On Sunday, Argentines will vote for their next president, ending twelve years of Kirchners in the Casa Rosada. Daniel Scioli, governor of the province of Buenos Aires and establishment candidate could win in the first round if he can both garner 40 percent of the votes and beat his nearest rival, Mauricio Macri of the Republican Proposal (PRO) by 10 percentage points (polls show him close). If he falls short, the final two candidates will compete again on November 22; each wooing the third contender, Sergio Massa, a former friend now foe of President Cristina Kirchner. International observers and many Argentines hope for economic change; whoever wins, reform will come slowly.
Tanzania, October 25
Unlike the elections unfolding in Rwanda and the Democratic Republic of Congo (DRC), in Tanzania President Jakaya Kikiwete will step down when his constitutionally mandated term ends on October 25. The two leading candidates are John Magufuli of the ruling party, Chama Cha Mapinduzi (CCM), and Edward Lowassa of opposition party Chadema. A clear difference between the two is their legacy on corruption: Magufuli is known for sacking officials guilty of bribery, while Lowassa resigned from his post as prime minister due to corruption accusations (he denies the charges). This week’s elections are tightly contested. Citizens’ concerns include high poverty and unemployment rates (at 65.6 percent and 11.7 percent, respectively), and overwhelming bureaucracy (Tanzania earned one of the lowest rankings in the 2015 World Bank’s Doing Business Report for its complex and costly regulations). Still Tanzania remains a bright spot in sub-Saharan Africa, as the opposition has a solid chance of ending thirty-five years of one-party rule.
Prime Minister Recep Tayyip Erdogan called next week’s snap parliamentary elections last August to try and recover his Justice and Development (AKP) Party’s June lost parliamentary majority. In the run-up he has catered to anti-Kurdish and nationalist sentiment, launching airstrikes against Kurds in Syria and deepening ethnic tensions. Slowing growth, political instability, and rising ISIS-related violence has scared investors – some $6.6. billion fled Turkey’s equity markets since the start of the election cycle in March 2014, and many Western allies and investors hope that the election forces Erdogan to form a coalition, checking his power and reigniting the economy.
In three weeks Myanmar is expected to hold its first free election in over twenty-five years.
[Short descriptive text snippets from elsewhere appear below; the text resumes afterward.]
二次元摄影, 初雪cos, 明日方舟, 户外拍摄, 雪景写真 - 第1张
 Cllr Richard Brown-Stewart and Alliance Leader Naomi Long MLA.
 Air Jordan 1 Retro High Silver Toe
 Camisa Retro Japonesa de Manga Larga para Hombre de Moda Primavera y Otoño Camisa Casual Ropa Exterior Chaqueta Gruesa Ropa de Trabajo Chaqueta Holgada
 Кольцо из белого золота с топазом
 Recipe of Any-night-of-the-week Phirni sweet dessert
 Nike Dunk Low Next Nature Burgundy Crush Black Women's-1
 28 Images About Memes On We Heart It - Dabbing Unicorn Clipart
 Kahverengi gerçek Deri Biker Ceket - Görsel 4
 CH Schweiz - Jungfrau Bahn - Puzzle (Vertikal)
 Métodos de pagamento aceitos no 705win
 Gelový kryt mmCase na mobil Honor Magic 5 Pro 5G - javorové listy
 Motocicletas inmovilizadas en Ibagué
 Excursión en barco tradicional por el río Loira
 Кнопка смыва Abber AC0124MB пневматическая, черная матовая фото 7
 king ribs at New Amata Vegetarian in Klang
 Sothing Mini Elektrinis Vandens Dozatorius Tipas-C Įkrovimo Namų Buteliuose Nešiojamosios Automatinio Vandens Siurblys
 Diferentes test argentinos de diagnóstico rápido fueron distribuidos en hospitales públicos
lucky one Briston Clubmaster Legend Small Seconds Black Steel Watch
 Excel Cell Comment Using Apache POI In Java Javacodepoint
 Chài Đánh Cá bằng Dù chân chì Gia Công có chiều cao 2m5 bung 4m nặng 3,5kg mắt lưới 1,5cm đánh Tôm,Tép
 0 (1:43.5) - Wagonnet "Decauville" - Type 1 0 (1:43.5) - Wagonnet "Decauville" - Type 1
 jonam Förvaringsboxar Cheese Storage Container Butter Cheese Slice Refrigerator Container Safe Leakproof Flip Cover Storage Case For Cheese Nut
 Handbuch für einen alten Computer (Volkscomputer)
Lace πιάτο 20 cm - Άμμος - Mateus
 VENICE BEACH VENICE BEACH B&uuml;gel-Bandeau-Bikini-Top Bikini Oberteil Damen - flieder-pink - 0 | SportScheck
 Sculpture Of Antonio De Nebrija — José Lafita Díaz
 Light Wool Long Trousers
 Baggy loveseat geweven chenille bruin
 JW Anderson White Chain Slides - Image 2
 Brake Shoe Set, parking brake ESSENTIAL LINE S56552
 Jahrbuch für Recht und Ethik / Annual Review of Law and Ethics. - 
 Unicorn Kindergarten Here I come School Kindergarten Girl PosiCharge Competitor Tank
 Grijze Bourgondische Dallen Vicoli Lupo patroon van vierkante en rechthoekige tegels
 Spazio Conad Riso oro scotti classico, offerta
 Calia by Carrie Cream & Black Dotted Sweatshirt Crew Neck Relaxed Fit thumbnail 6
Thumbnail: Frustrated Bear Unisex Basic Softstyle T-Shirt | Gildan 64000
The country officially adopted a nominally civilian government in 2011, though military vote rigging brought in former commander Thein Sein as president. In next month’s parliamentary election, the opposition National League for Democracy (NLD), led by Nobel Prize-winning Aung San Suu Kyi, hopes to gain enough seats to lead the coalition that will choose the next president. Pushing back, the military-led Union Solidarity and Development Party (USDP) has proposed to postpone the election date, disenfranchised millions of Myanmar nationals living outside the country from early voting, and effectively barred the Rohingya Muslim minority from the polls. With campaigns mired in religious discrimination and fraud allegations, Myanmar’s elections are only a first step toward democracy.